++++ Given data

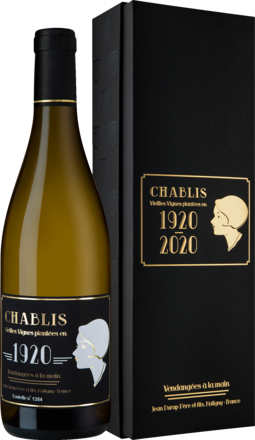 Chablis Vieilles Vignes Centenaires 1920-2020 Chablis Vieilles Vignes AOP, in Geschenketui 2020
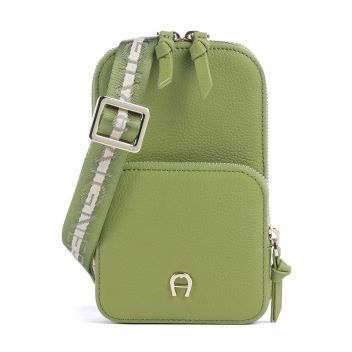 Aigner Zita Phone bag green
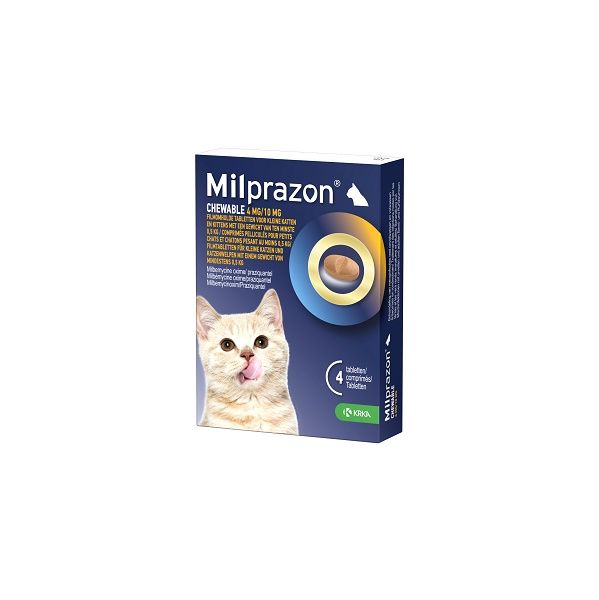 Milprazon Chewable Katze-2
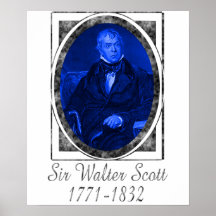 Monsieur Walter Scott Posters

++++++++

■ What to do
Leave out the pictures and set down all of the data exactly.

■ Reply to the exercise
 Chablis Vieilles Vignes Centenaires 1920-2020 Chablis Vieilles Vignes AOP, in Geschenketui 2020
 Aigner Zita Phone bag green
 Milprazon Chewable Katze-2
 Monsieur Walter Scott Posters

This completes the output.